After some exploratory circling of each other and emitting of the Klingon war whoop, Davis brought the confrontation to a swift end by performing the Vulcan death grip on the surprised Hodges, who had been under the impression that the move was prohibited under bylaws their group had adapted from the Articles of the Federation.

"He just stopped, looked heavenwards and sank to his knees in shock and pain," said eyewitness Todd "Sarek" Darden. "He looked exactly like Vic Tayback in 'A Piece of the Action.' The poor guy didn't have a chance."

When the case came to trial, Davis was cleared of all charges by a jury of Lost in Space fans who ruled that the whole thing was silly and beneath their attention.

No further incidents of Trek-related violence besmirched the New Rochelle legal calendar until seven years later, when two men outside a local movie theater that was showing The Wrath of Khan drew knives to decide if Capt. James T. Kirk had been justified in cheating on the Kobayashi Maru portion of his Starfleet evaluation. Both participants were found guilty of reckless endangerment and sentenced to 18 additional months of living in the spare rooms above their parents' garages.

State of Wisconsin v. English (filed Feb. 18., 1984, in 8th District Circuit Court, Valley View, Wis.) – One of the few incidents of rock-concert violence on the Wisconsin books that did not involve drugs, alcohol or an opening set by Krokus, this landmark case arose out of a timeless controversy: Who invented the "devil's horns" hand gesture that metalheads far and wide recognize as their most stirring show of solidarity?

If one were to ask Badger State music fan Larry English, the answer would have to be "Ronnie James Dio," English's idol ever since the day the latter inherited a cassette of Rainbow Rising from a brother bound for Grenada. The younger English's assurance that Dio's Italian-American heritage had inspired the mystical symbol may have found favor within the Knights of the Last in Line – an appreciation society English himself founded – but it caused him nothing but trouble when he attended a Feb. 11, 1984, concert by Quiet Riot and King Kobra at the Valley View Veterans' Memorial Arena.

During the break between bands, English became enraged when he observed a concertgoer in a KISS sports jersey flashing the twin-pronged hand sign to friends who were similarly attired. English knew that this troubling behavior reflected a common misconception: that KISS bassist Gene Simmons had invented the gesture sometime during that band's 1976 Destroyer tour of North America. Having devoted the better part of his junior year to poring over issues of Hit Parader (an activity that often involved the use of a highlighter), English knew this to be untrue. Shouting to make himself heard above the pretaped din of AC/DC's Back in Black, he urged the stranger to cease and desist.

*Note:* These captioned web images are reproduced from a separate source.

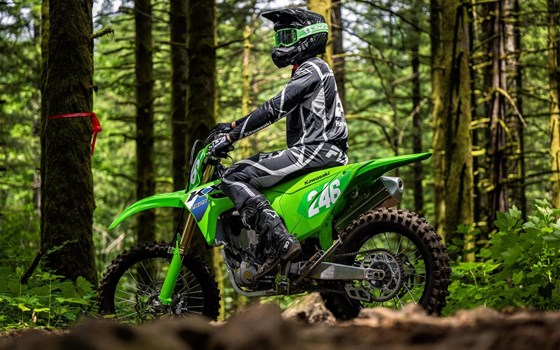 Kawasaki präsentiert Motocross- und Cross-Country-Modelle für 2026 - Bild 6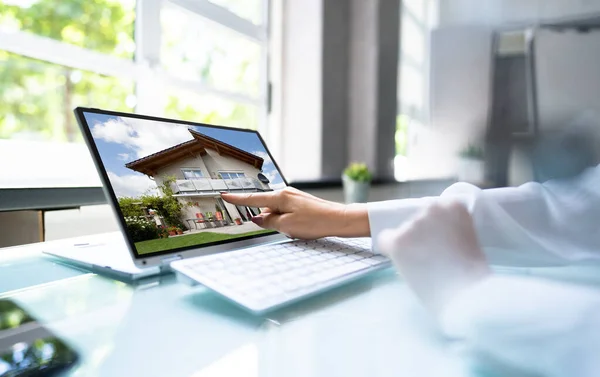 Letar Real Estate House Property Online Digital Tablet — Stockfoto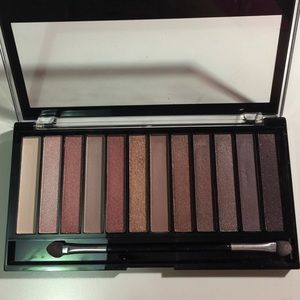 Makeup Revolution Iconic 3 palette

Said stranger was one Rob Urbanowski, a sergeant-at-arms in the Ferndale, Wis., chapter of the KISS Army. Used to fielding such challenges from nonbelievers, Urbanowski was ready with a scathing but witty riposte that referenced English's mother and the defensive line of the Green Bay Packers.

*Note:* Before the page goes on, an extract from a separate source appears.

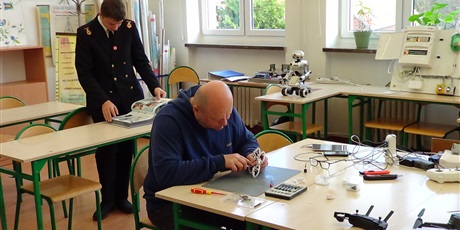 Powiększ grafikę: dobry-zawod-lepsza-przyszlosc-656562.jpg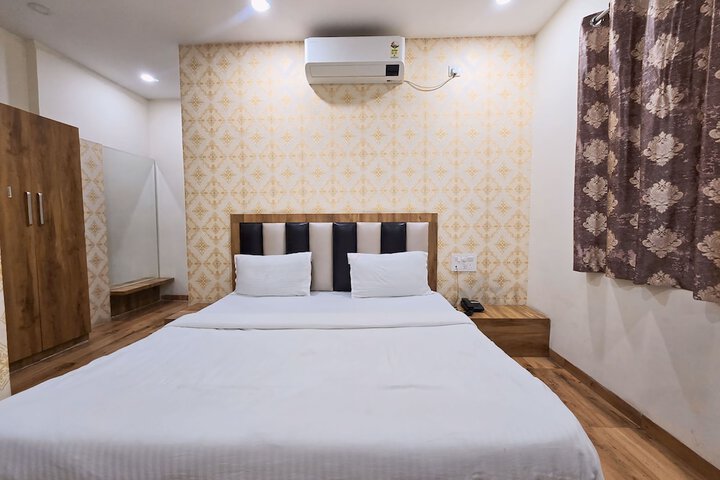 Room 8 of 32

The row that ensued can only be termed violent in a strictly one-sided sense. Urbanowski wasted no time in brandishing a small canister of Mace that the arena's security staff had failed to locate on his person during a cursory pat-down earlier in the evening. But English chose to invest his faith in the disputed hand symbol itself, thrusting forefinger and pinkie at Urbanowski in a frantic attempt to give him the evil eye.

No matter how sincere, English's quasi-religious line of attack could not compete with Urbanowski's store-bought survival tactics, and the former was soon writhing on the floor of the arena in teary torment.

The judge who heard the case found English guilty of promoting Satanic practices at a family-oriented event. Urbanowski later sued him in civil court, claiming emotional distress and the loss of a week's pay for landscaping services he was too traumatized to perform. A jury awarded him $5,000 and a new belt chain for his wallet, which had been damaged in the "fight."